Employment in the U.S. oilfield services and equipment sector rose by an estimated 4,677 jobs to 650,587 in December, according to preliminary data from the Bureau of Labor Statistics (BLS) after adjustments to November numbers and analysis by the Energy Workforce & Technology Council (Energy Workforce). November’s adjusted number of 645,910 is up from the preliminary number of 645,486. Gains in December were made in five of the seven categories tracked by Energy Workforce.
The December increases make OFS employment the highest since numbers started to drop in March 2020, and roughly 56,000 off the pre-pandemic mark in February 2020 of 706,528. Overall, U.S. employers added 223,000 jobs, down minimally from 263,000 in November, but still holding steady. The participation rate increased slightly to 62.3% in December, and the overall unemployment rate dropped to 3.5%. While the labor market remains relatively strong, it is cooling compared to the first two quarters of 2022. Additionally, most increases in hiring came in the leisure and hospitality, healthcare and construction sectors.
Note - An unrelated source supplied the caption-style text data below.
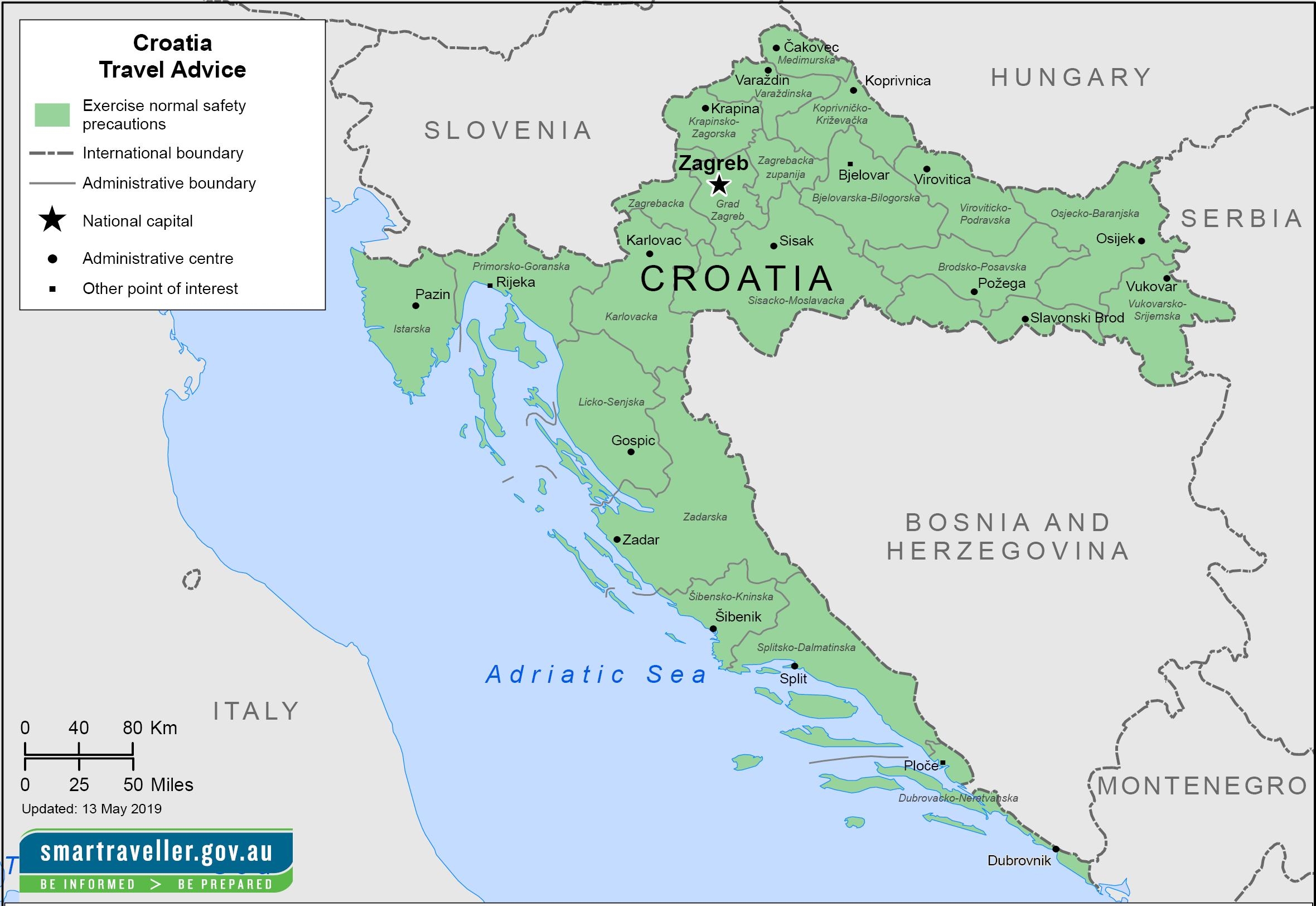 Printable Croatia Maps With Cities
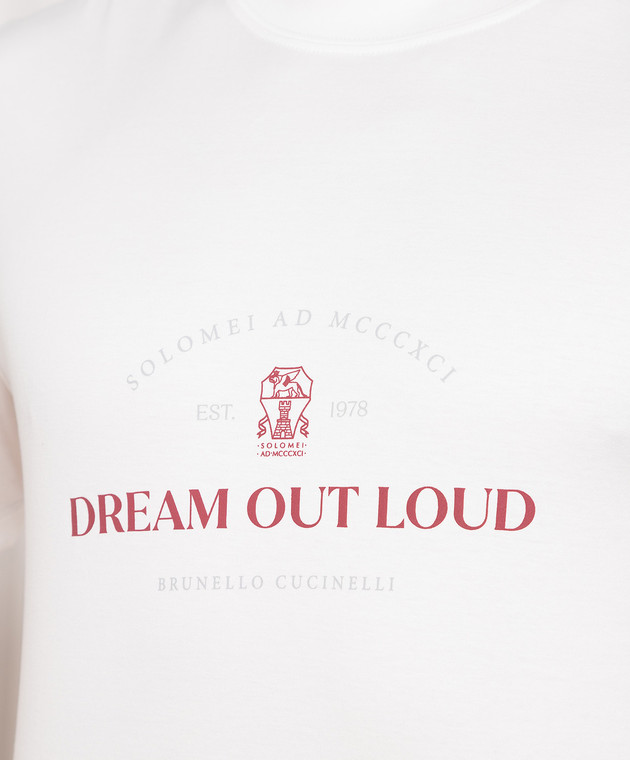 Brunello Cucinelli - Белая футболка с принтом логотипа Dream out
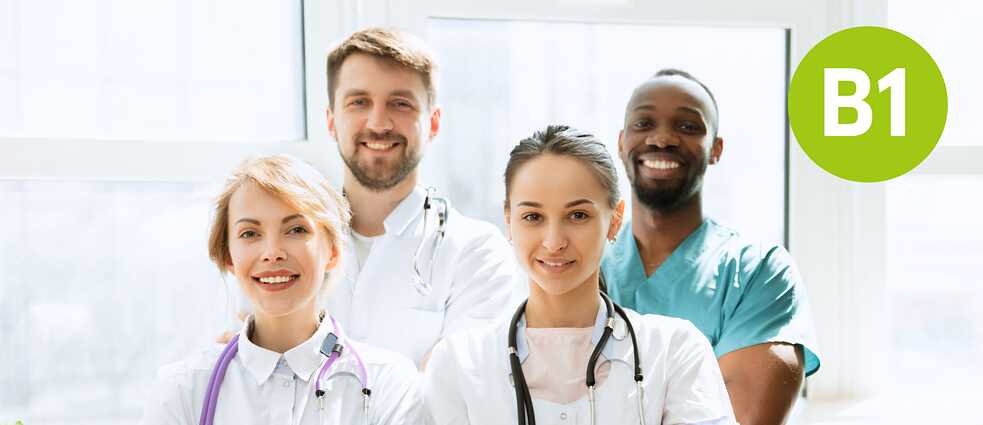 Four smiling doctors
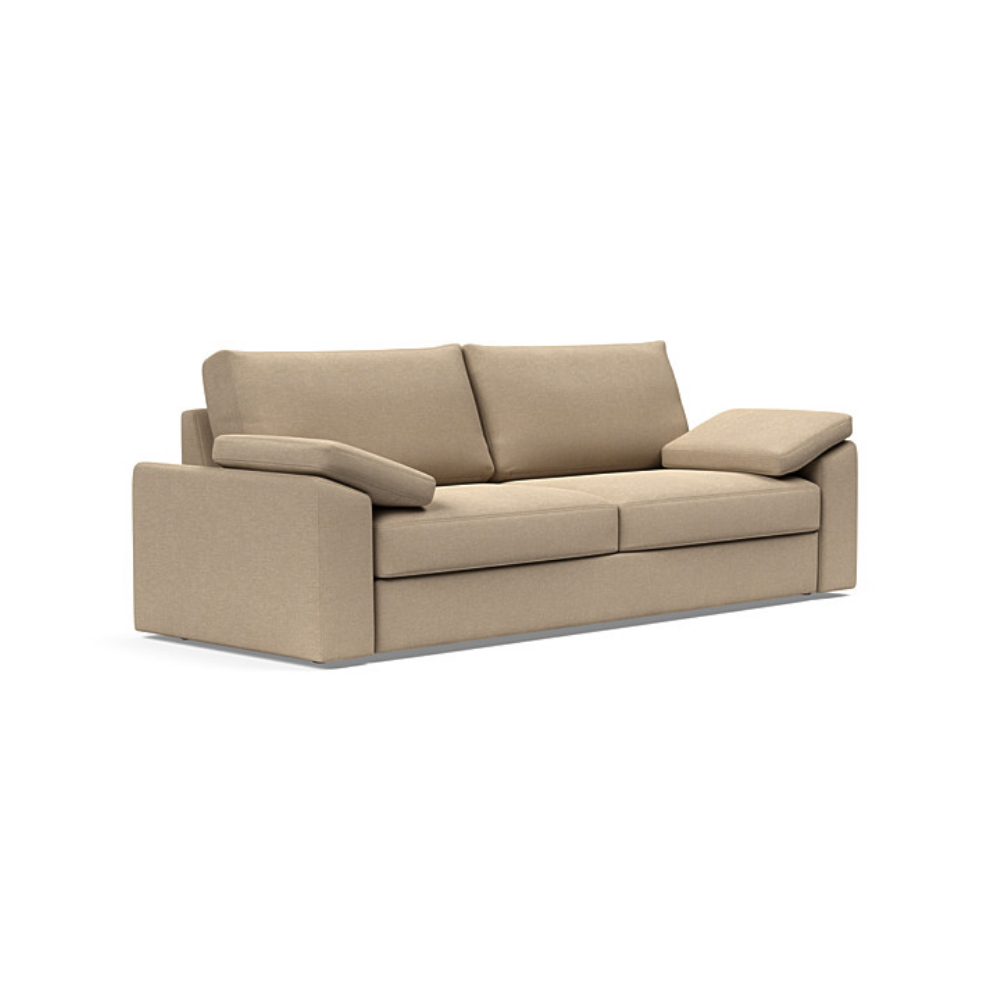The Vilander Sleeper Sofa With Cushion Arms from Innovation Living with phobos mocha 587 upholstery setup as a couch.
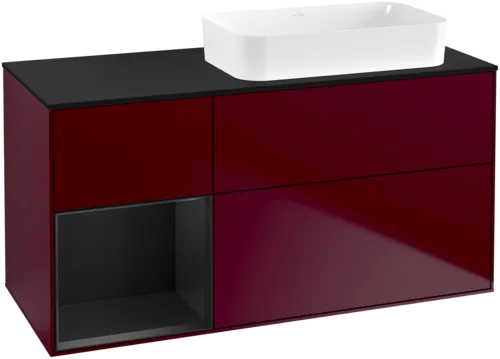 VILLEROY BOCH Toaletní skříňka Finion, s osvětlením, 3 výsuvy, 1200 x 603 x 501 mm, Peony Matt Lacquer / Black Matt Lacquer / Glass Black Matt #F682PDHB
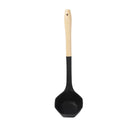 Wood and Silicone Heat Resistant Soup Spoon Serving Ladle Non Stick 32*8.2 cm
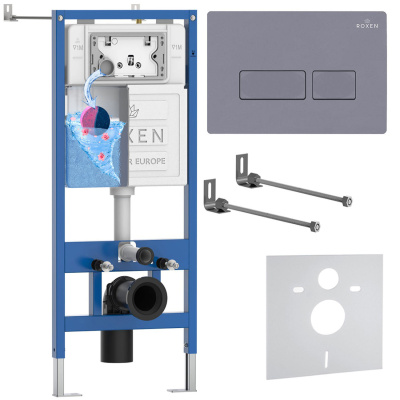 Комплект инсталляции для подвесного унитаза Roxen StounFix Dual Fresh 966767 с кнопкой Roxen Caspia 410280DG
“Our industry is hiring and continues to build on its workforce across America to ensure we are meeting the growing global demand for energy,” said Energy Workforce & Technology Council CEO Leslie Beyer. “The trending increases in hiring is encouraging for our industry and workforce that was forced to make significant reductions in 2020. Even with a reduced workforce, our industry has been able to meet the spikes in demand and is producing close to pre-pandemic levels while developing new technology and deploying innovative production processes that are lowering emissions. Further investments and a level regulatory landscape are needed to unlock the full power of American energy, providing energy security for our nation and that of our allies while continuing to decrease global emissions and lowering energy costs.”